How to complete this task
Look below for the line that contains "Olive Homestays & Apartment - Image 5", and write out exactly that line and all remaining lines of the listing, omitting pictures.

Supplied information
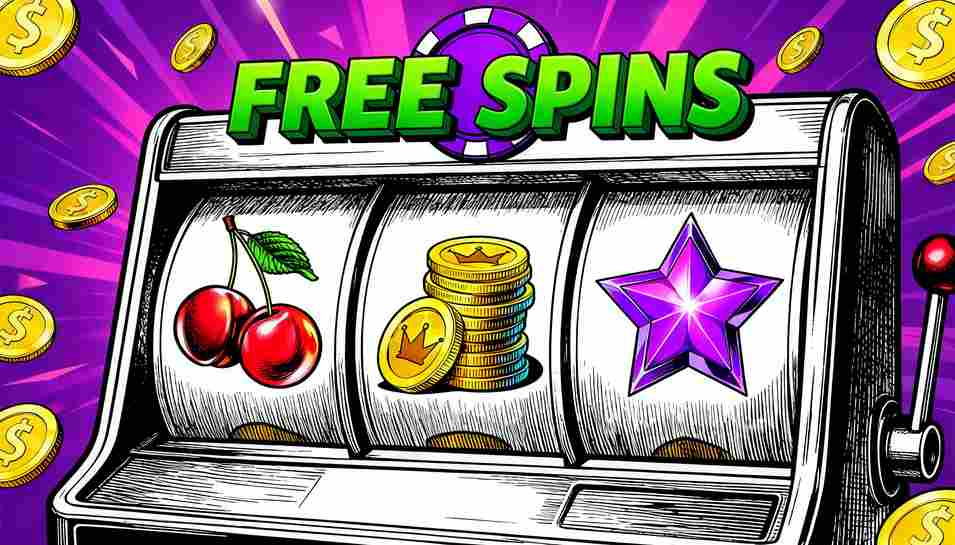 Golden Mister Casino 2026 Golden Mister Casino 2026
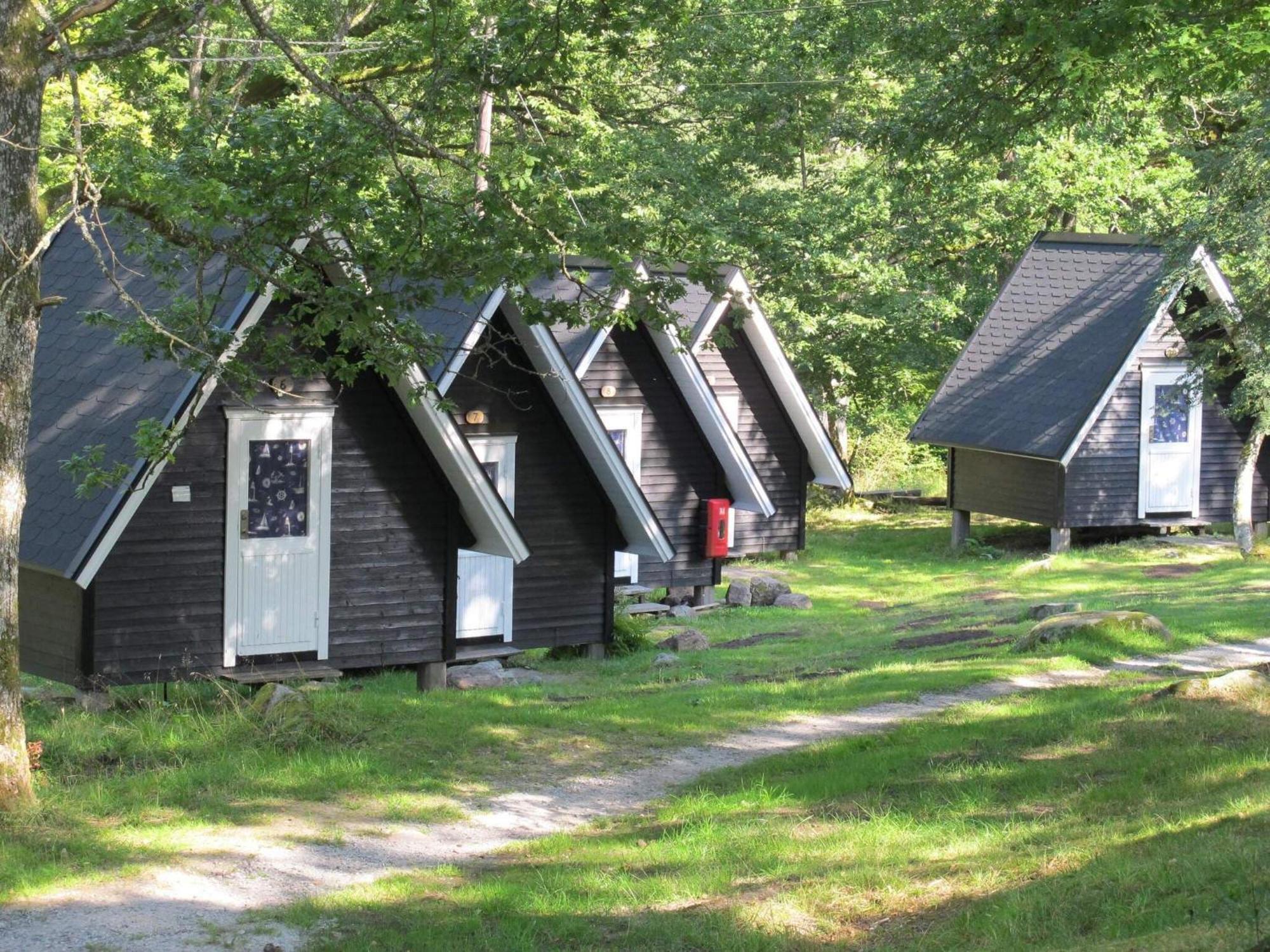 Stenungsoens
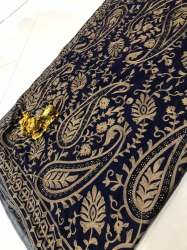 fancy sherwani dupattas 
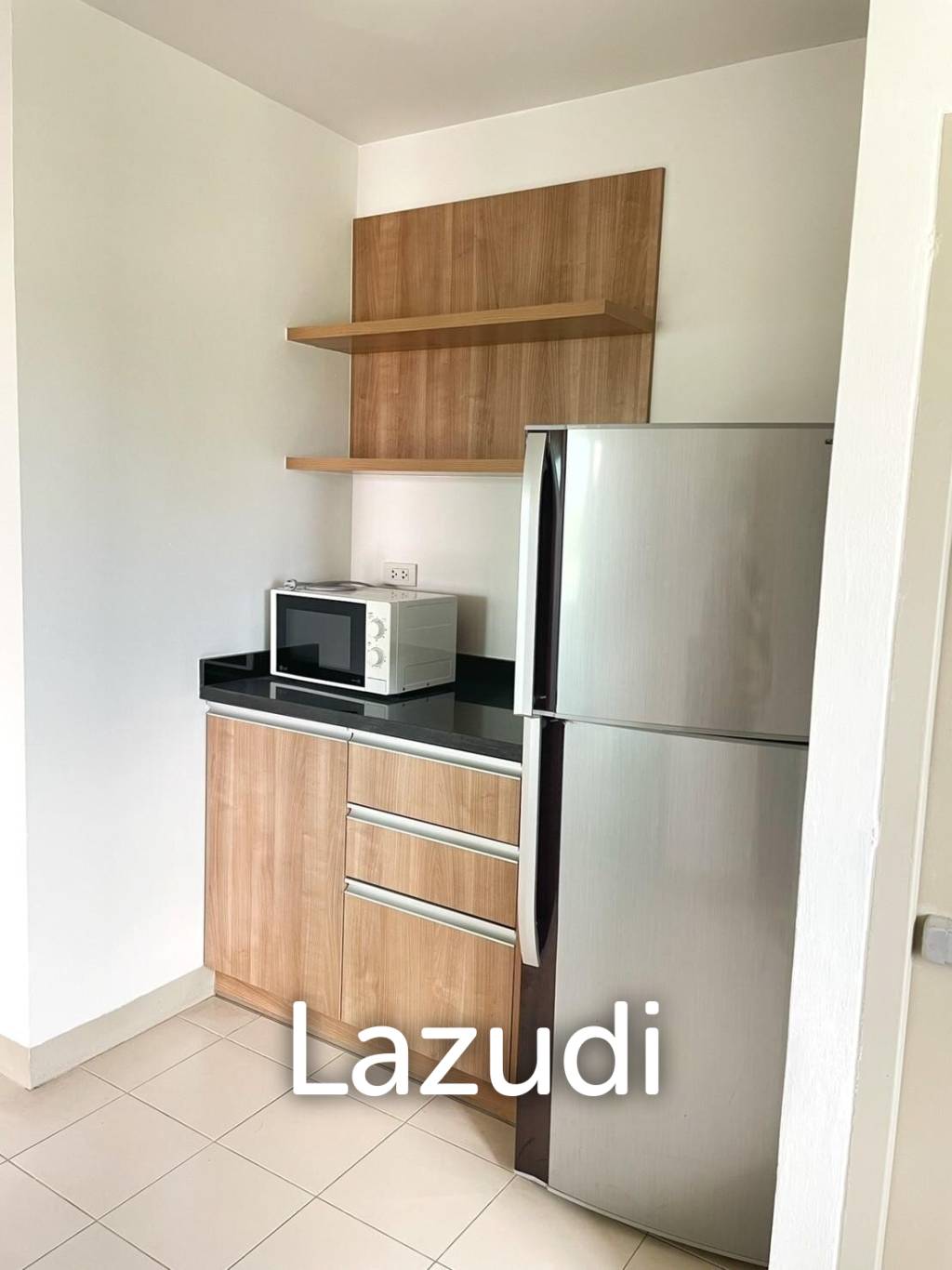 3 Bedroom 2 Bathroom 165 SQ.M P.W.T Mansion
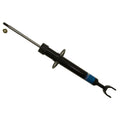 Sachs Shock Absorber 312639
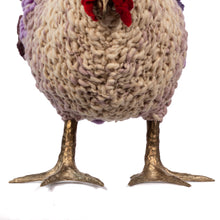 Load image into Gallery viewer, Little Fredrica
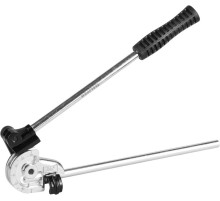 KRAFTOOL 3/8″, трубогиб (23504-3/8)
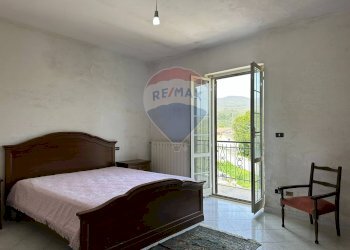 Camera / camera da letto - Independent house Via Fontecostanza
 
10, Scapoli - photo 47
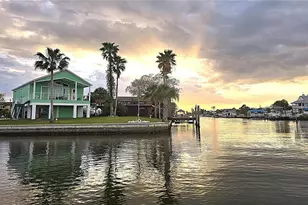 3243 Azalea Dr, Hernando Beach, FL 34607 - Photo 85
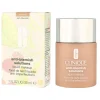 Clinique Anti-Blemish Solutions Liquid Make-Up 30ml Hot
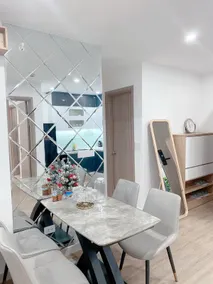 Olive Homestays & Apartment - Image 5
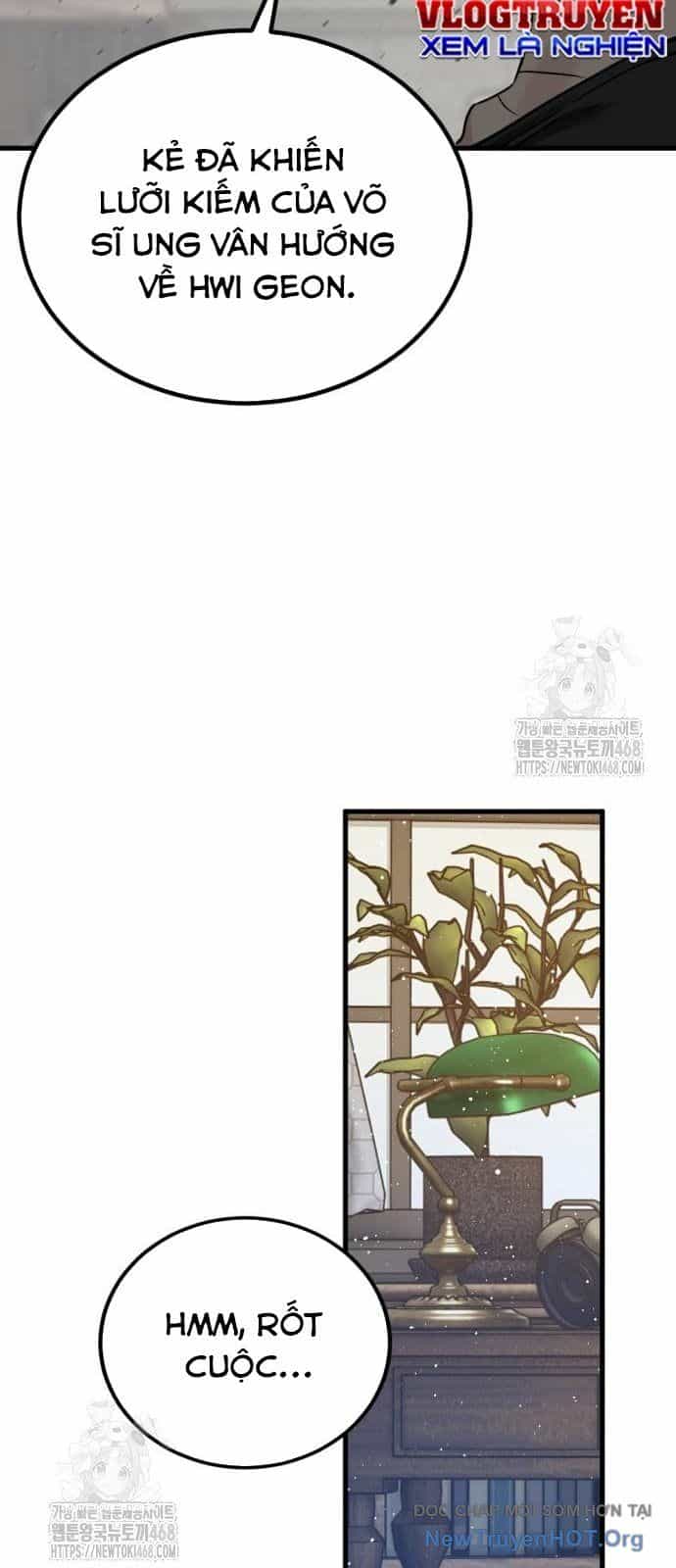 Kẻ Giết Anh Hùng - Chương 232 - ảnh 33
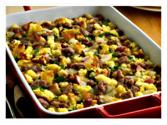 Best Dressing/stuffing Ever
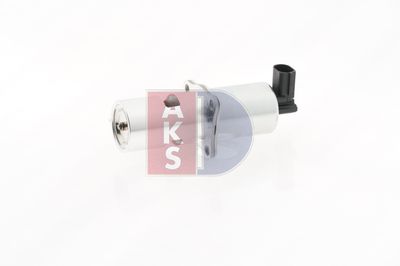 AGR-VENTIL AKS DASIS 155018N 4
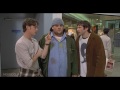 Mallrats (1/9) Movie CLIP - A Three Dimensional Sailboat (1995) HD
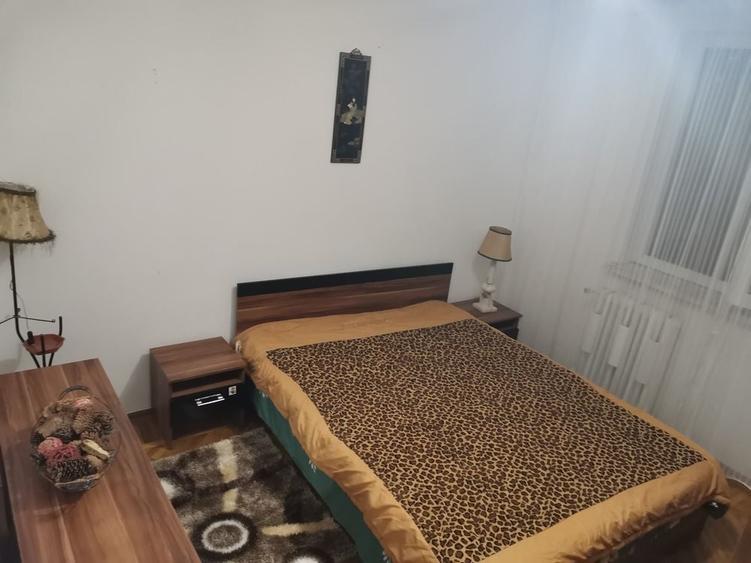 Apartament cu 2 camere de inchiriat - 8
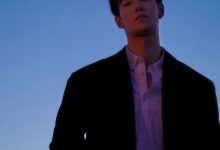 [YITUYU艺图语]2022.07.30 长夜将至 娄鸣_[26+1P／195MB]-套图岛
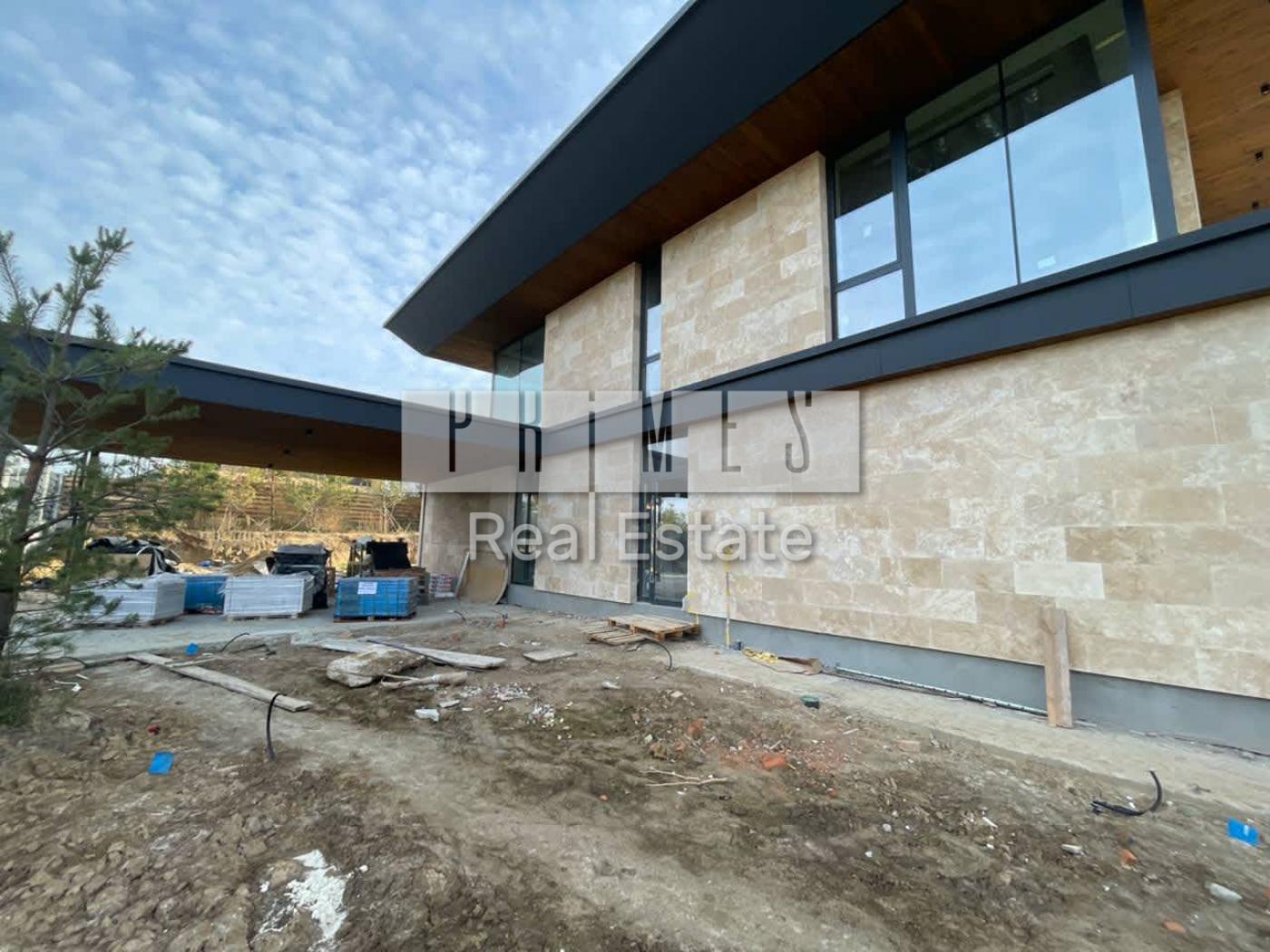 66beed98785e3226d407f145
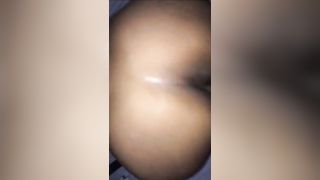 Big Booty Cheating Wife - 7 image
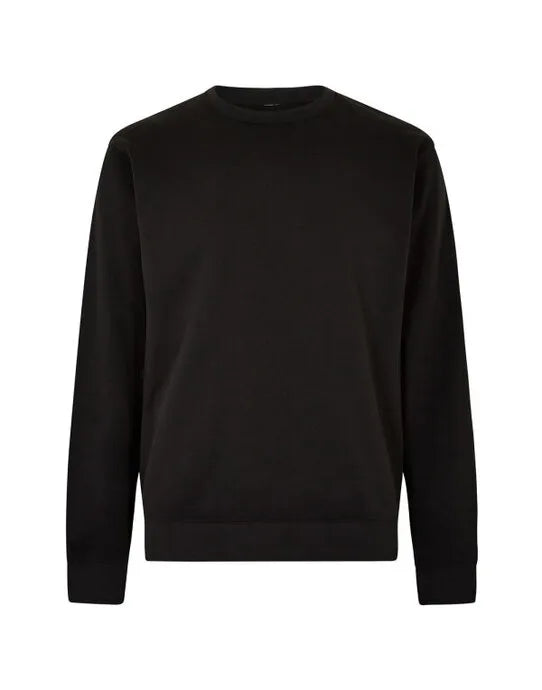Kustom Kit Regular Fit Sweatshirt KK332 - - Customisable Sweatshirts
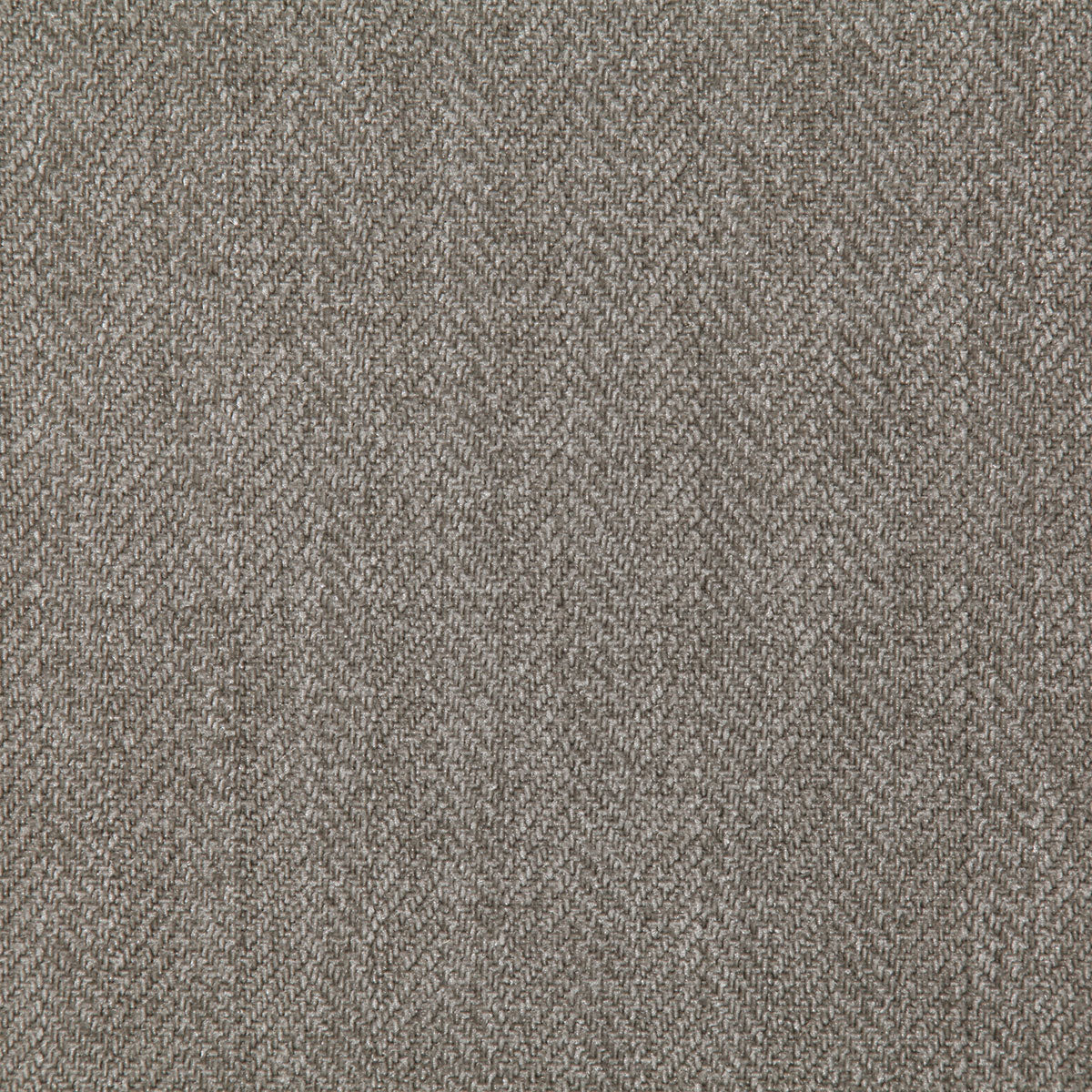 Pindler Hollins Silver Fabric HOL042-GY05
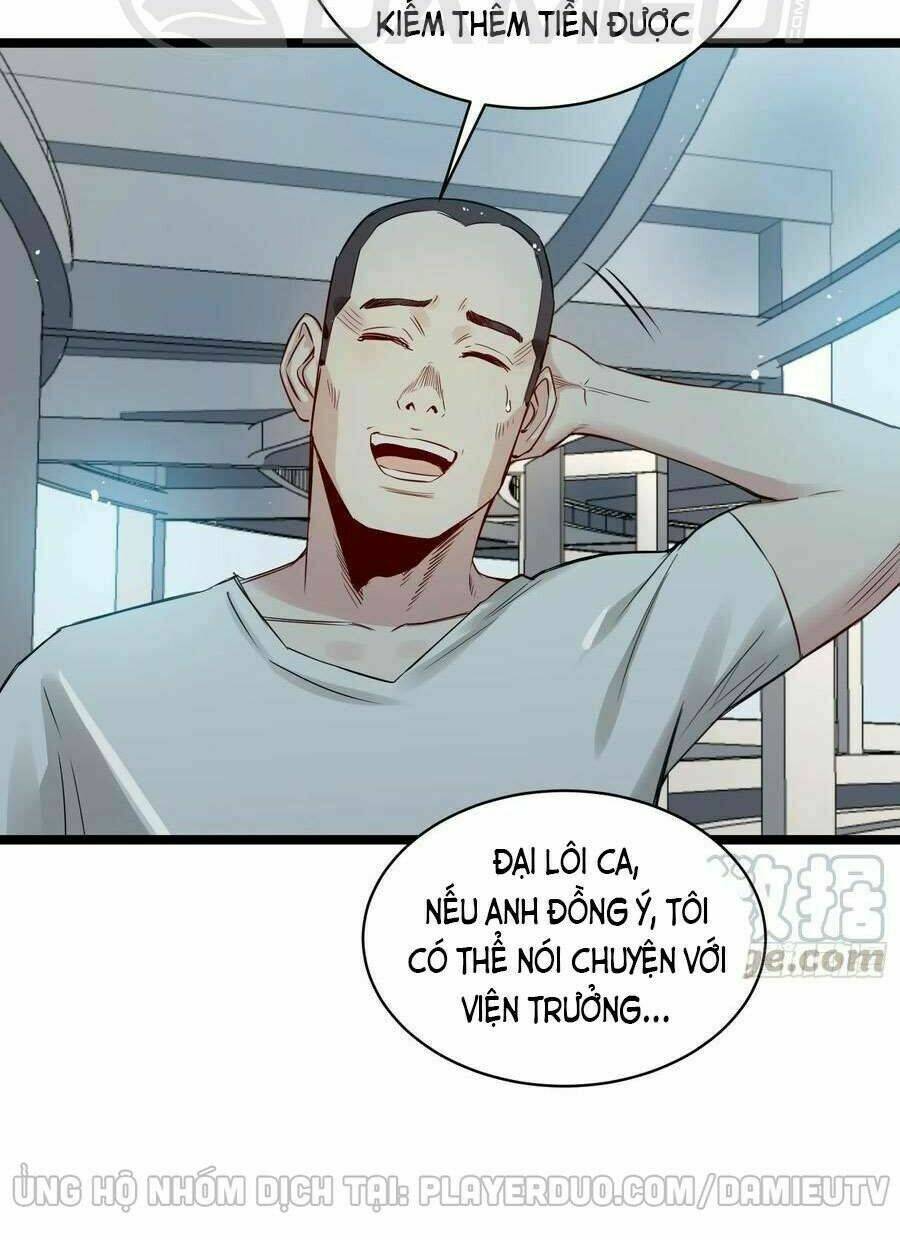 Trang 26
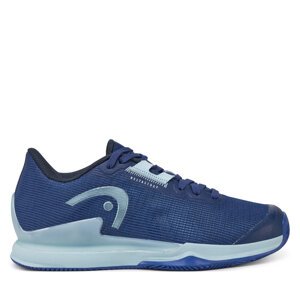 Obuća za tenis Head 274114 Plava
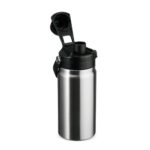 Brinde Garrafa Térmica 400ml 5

Answer box
 Olive Homestays & Apartment - Image 5
 Kẻ Giết Anh Hùng - Chương 232 - ảnh 33
 Best Dressing/stuffing Ever
 AGR-VENTIL AKS DASIS 155018N 4
 Mallrats (1/9) Movie CLIP - A Three Dimensional Sailboat (1995) HD
 Apartament cu 2 camere de inchiriat - 8
 [YITUYU艺图语]2022.07.30 长夜将至 娄鸣_[26+1P／195MB]-套图岛
 66beed98785e3226d407f145
 Big Booty Cheating Wife - 7 image
Kustom Kit Regular Fit Sweatshirt KK332 - - Customisable Sweatshirts
 Pindler Hollins Silver Fabric HOL042-GY05
 Trang 26
 Obuća za tenis Head 274114 Plava
 Brinde Garrafa Térmica 400ml 5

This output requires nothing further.